好きになったのは大嫌いな先生



あっという間に自分たちのクラスの順番が来て専用の教室へ移動。ドキドキそわそわしてる子供達をみんな部屋の中へ誘導した。

「みんなちゃんと揃ってるー??」

「いるよー!」

そんな返事が帰ってきて、準備完了。
さてと、気合を入れて今日お世話になる医師の方をみてみると…

「…えっ…しゅう…くん!?」

「美奈、久しぶりだね」

そこには何年振りかに会う、8歳年上の幼馴染の愁くん。お母さんが亡くなる前に住んでいた実家が隣で、産まれてからよく遊んでもらっていた頼れるお兄ちゃんのような存在。お母さんが亡くなって施設に入ってからはぱったりと会っていなかった。

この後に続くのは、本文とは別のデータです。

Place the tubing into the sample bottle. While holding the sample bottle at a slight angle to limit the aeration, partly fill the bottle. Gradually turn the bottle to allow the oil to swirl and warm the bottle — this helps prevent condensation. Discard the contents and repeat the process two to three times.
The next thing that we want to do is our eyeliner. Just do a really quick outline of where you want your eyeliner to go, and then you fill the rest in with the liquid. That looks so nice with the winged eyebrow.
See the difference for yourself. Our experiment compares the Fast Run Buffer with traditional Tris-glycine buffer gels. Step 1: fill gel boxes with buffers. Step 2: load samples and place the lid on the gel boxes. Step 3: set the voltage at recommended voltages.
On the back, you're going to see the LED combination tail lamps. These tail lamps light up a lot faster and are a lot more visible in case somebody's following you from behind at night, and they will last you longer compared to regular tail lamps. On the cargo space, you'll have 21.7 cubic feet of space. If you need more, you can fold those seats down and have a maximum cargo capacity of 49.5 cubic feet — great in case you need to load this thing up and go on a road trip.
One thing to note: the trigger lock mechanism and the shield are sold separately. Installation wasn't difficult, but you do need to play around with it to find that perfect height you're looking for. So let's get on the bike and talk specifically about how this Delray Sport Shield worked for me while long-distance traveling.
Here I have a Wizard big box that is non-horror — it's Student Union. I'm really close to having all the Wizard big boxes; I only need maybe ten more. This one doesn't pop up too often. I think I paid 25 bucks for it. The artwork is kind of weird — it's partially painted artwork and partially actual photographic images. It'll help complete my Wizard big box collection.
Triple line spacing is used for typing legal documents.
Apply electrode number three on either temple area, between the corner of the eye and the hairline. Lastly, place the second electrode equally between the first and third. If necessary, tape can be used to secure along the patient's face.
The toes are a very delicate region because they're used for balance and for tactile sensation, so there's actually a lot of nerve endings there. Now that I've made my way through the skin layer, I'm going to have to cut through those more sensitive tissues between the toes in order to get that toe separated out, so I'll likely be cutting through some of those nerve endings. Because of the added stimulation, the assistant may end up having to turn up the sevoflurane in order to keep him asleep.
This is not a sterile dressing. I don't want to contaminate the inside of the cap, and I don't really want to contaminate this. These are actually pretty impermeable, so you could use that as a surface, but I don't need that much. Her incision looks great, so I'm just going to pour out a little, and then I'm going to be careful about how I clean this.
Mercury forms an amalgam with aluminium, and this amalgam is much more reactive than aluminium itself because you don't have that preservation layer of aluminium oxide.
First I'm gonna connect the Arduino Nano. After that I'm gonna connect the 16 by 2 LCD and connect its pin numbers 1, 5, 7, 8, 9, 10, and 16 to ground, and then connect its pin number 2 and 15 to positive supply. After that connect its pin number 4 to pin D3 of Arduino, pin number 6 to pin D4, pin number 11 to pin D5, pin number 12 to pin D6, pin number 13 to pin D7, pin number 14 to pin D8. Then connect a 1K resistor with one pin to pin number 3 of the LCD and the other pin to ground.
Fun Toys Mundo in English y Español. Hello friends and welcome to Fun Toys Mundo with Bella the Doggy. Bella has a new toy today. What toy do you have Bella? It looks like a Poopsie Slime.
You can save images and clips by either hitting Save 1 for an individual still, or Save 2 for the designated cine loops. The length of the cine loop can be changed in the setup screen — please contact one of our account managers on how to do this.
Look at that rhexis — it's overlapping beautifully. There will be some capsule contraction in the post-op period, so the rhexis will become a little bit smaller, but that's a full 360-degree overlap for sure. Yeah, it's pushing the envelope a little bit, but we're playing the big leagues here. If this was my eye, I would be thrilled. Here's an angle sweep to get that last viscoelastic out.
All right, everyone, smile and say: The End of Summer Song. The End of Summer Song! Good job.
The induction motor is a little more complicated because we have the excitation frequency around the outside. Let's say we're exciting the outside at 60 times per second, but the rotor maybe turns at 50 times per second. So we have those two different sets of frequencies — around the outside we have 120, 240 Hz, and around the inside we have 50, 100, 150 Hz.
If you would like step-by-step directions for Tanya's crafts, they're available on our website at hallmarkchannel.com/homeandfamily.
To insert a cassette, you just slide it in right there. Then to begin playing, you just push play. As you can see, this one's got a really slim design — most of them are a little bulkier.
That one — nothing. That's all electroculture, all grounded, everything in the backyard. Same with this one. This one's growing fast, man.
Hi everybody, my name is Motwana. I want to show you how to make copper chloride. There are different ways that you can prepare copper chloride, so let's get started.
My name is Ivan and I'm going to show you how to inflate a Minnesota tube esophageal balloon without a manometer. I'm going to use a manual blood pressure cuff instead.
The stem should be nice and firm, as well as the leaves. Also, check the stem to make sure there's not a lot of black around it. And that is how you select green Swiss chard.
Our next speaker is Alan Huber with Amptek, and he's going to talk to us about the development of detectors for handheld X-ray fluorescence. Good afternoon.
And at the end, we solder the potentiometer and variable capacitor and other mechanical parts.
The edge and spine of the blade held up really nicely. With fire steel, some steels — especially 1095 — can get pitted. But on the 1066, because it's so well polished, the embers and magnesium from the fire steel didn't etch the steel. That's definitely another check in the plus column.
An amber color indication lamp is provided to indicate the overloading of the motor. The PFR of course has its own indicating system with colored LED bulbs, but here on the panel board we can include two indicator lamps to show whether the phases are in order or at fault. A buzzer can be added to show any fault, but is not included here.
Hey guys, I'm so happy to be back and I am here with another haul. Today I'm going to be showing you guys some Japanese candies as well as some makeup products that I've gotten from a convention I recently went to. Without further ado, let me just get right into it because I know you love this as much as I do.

まさかこんな形で再開するの!?しかも、今は私の大っ嫌いなお医者さんになってるってこと!?

久々の再会に私の頭の中はフリーズ。

「みな先生どうしたのー??知ってる人??」

急に動かなくなった私を見て心配する子供達。

「…あっ…ごめんごめん!なんでもないよ。…そしたら、今日お世話になる病院の先生にみんなで挨拶しようね。今日はよろしくお願いします」

「お願いしますっ!!!」

子供達の元気な声が響き渡る。
愁くんが先生ってことに動揺して、落ち着かせていた心が焦りだし、心臓がバクバクする。子供達が診察を受けるだけで、別に私はなにもしないのに。

このドキドキは自分の体調の悪さがあるから。秀くんと目が合うと色々と見透かされるような気がして、必死に子供達へと意識を移して平然を装った。